In the actor model, the actor is a unit, and you can create unit test by mocking an actor. This way, you don’t need to mock the database service, just the repository actor.

public class MockedCarRepositoryActor extends AbstractActor {
    private ActorRef testActor;

@Override
public Receive createReceive() {
return initTestActor();
}

private Receive initTestActor() {
return receiveBuilder()
.match(ActorRef.class, actorRef -> {
this.testActor = actorRef;
                getContext().become(receiveOriginalActorCommand());
}).build();
}

private Receive receiveOriginalActorCommand() {
        return receiveBuilder()
.match(InsertCarCommand.class, command -> testActor.tell(“CarRepository with InsertCarCommand has been called”, getSelf()))
.match(SelectCarCommand.class, command -> {
testActor.tell(“CarRepository with SelectCarCommand has been called”, getSelf());
getSender().tell(Arrays.asList(new Car(“Kia”), new Car(“Fiat”)), getSelf());
})
.build();
}
}
public final class CarManagerActorTestModule extends AbstractActorProviderModule {
    private final ActorSystem actorSystem;

public CarManagerActorTestModule(ActorSystem actorSystem) {
this.actorSystem = actorSystem;
injector = Guice.createInjector(this);
}

@Override
protected void configure() {
bindActor(actorSystem, CarManagerActor.class, “car-manager-actor”);
bindActorChildFactory(MockedCarRepositoryActor.class, “car-repository-actor-factory”);
}
}
public class CarManagerActorTest {
    private ActorSystem system;
private TestKit testActor;
private TestKit testCarRepositoryActor;

@Inject
@Named(“car-manager-actor”)
private ActorRef testCarManagerActor;

@Before
public void setup() throws InterruptedException {
system = ActorSystem.create();
testActor = new TestKit(system);
testCarRepositoryActor = new TestKit(system);
        new CarManagerActorTestModule(system).getInjector().injectMembers(this);
        Thread.sleep(3000);
        ActorRef carRepositoryActor = system.actorFor(“user/car-manager-actor/car-repository-actor”);
carRepositoryActor.tell(testCarRepositoryActor.getRef(), testActor.getRef());
}

@After
public void cleanUp() {
TestKit.shutdownActorSystem(system);
system = null;
}

@Test
public void testInsertCar() {
Car carEntity = new Car(“Renault”);
testCarManagerActor.tell(new InsertCarCommand(carEntity), testActor.getRef());
        testCarRepositoryActor.expectMsg(“CarRepository with InsertCarCommand has been called”);
}

@Test
public void testSelectCars() {
testCarManagerActor.tell(new SelectCarCommand(), testActor.getRef());
        testCarRepositoryActor.expectMsg(“CarRepository with SelectCarCommand has been called”);
        Object response = testActor.receiveOne(Duration.Inf());
assertTrue(response instanceof List);
assertEquals(2, ((List) response).size());
        Car car1 = (Car)((List) response).get(0);
Car car2 = (Car)((List) response).get(1);
assertEquals(“Kia”, car1.getName());
assertEquals(“Fiat”, car2.getName());
}
}

I’m going to assume that you are familiar with the Akka Testkit, which can simulate communication between actors in an easily readable way. In this unit test, you can test whether the CarRepositoryActor was called or not, but it won’t try to save any cars or retrieve them from a database. This test also demonstrates how field-based injection works (you just need to inject the current instance to the injector).

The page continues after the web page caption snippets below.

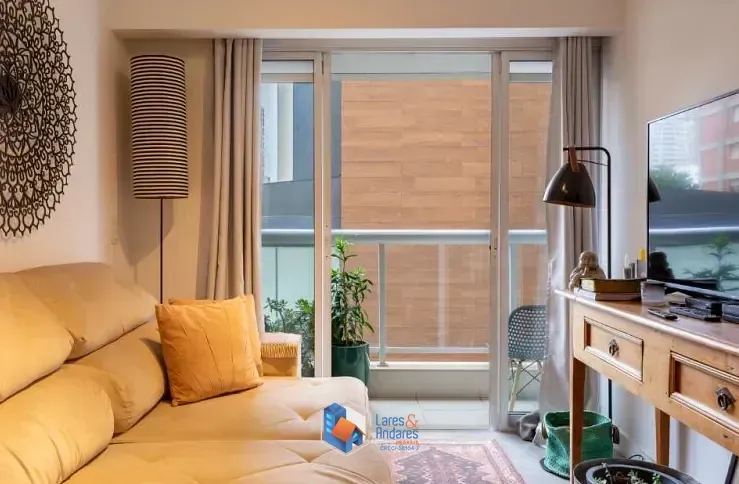 Imagem Apartamento para venda em Pinheiros com 1 quarto, 44m²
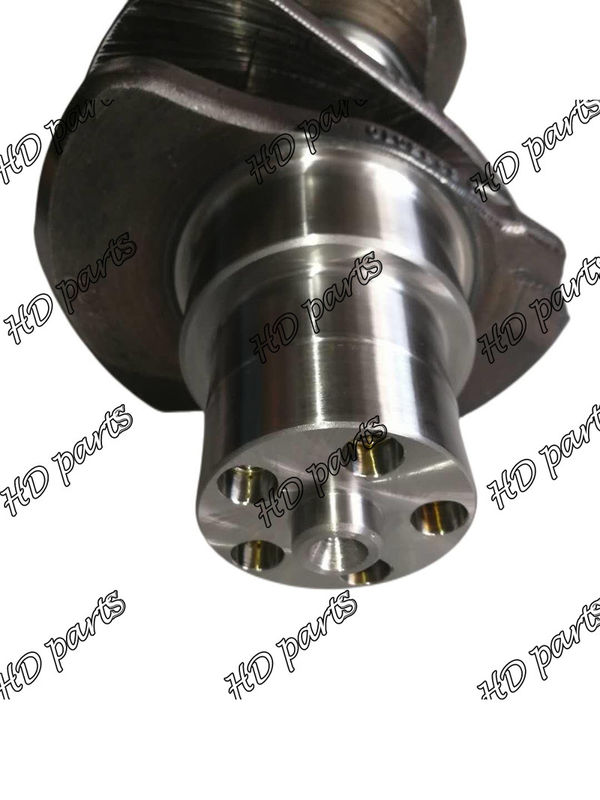 6L 6LT8.9 محرك فولاذي مزور لقطع غيار العمود المرفقي 4989436 لـ Cummins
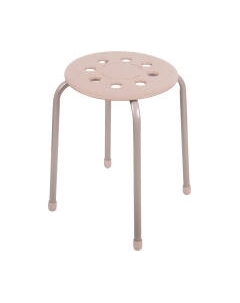 Табурет Ника С пластмассовым сиденьем / ТП01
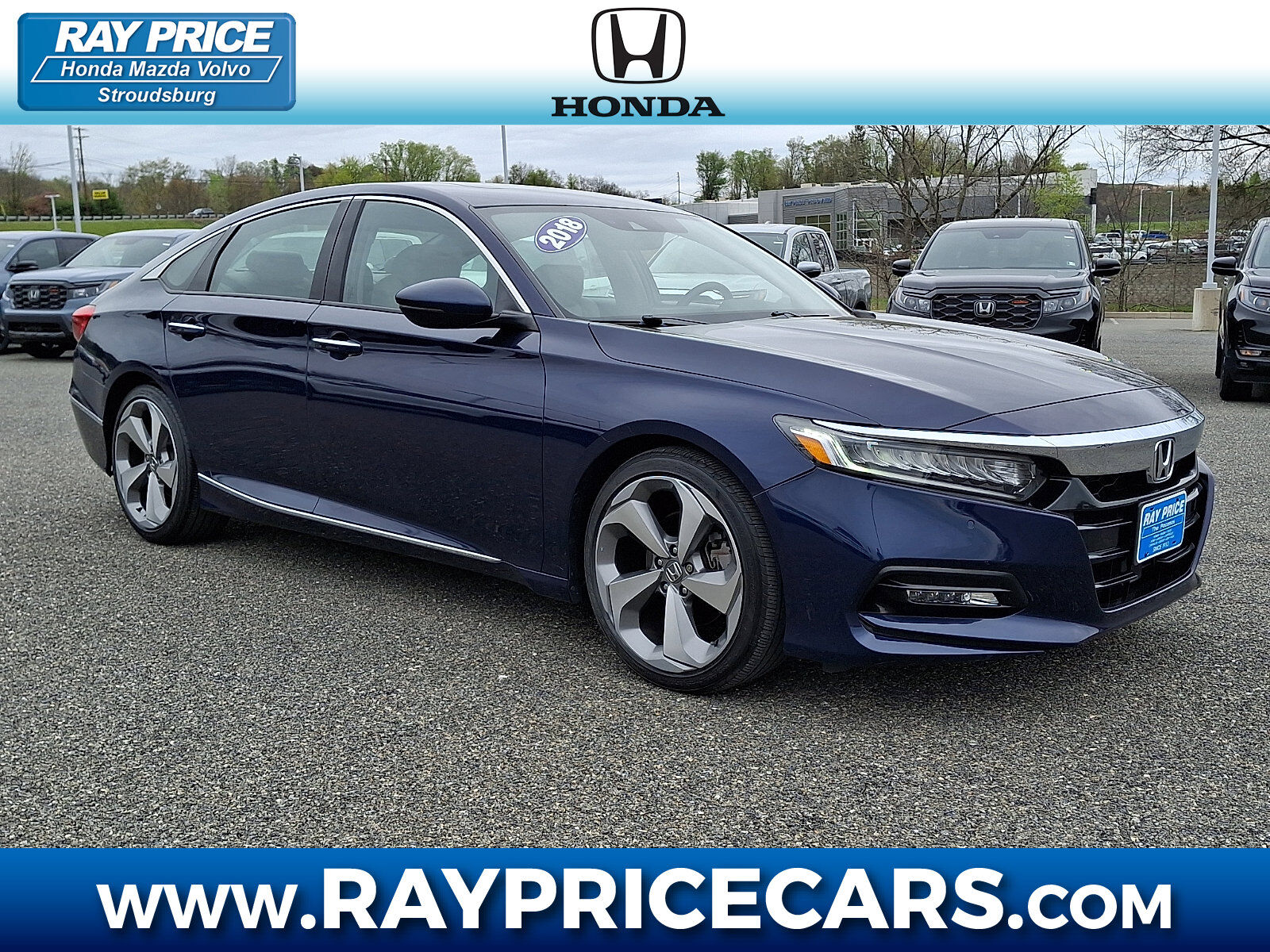 2018 HONDA Accord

It’s a kind of hacky, but unfortunately we have to wait a few seconds to get the actor system ready, which is why we need the Thread.sleep(). The magic part comes after that: we get the actor by name from the actor system and replace it with our mocked actor! This will replace the behaviour of the original actor.

Conclusion

Although it generates loads of code, the goal has been reached, and now Akka is testable with dependency injection.